# help me in choosing



## satdrbe (Apr 23, 2011)

I am planning to buy a new digital camera meant for general photography during the family get togethers and other family photos. I am have homed down to two cameras- canon SX130 and Sony H55. Tell me which one to go for?


----------



## pulkitpopli2004 (Apr 23, 2011)

both are almost similar in specs.. 
Canon sx 130IS has - better macro capability, and more zoom i.e 12x where as sony has 10x zoom, slightly better HD recording

Sony H55 is good in - its smaller, lighter and thinner, better max light senstivity, shoots slightly faster and exposure time is also double than canon.. 

now make a choice.. performance is almost similar..


----------



## digibrush (Apr 24, 2011)

SX130IS has HD recording with stereo sound, but H55 has mono.

H55 video at a maximum resolution of 720p (1280x720) or at lower VGA resolution (640x480) at 30fps with *monaural audio*. 

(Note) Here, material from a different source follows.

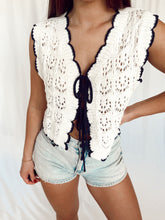 Load image into Gallery viewer, Crochet Sweater Vest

If you want better sound go for SX130IS.


----------



## Sounava (Apr 26, 2011)

Plus SX130 IS has full manual mode and Aperture Priority, Shutter Priority modes. H55 is only automatic.


----------



## pulkitpopli2004 (Apr 29, 2011)

H-55 also has manual modes.. he need for general photography.. 
H55 will be best for him IMO


----------



## Sounava (Apr 29, 2011)

^ My bad. Typing mistake. I meant to say in H55 you will get only M mode. No aperture priority mode (which is used 90% of time) and no shutter priority mode.


----------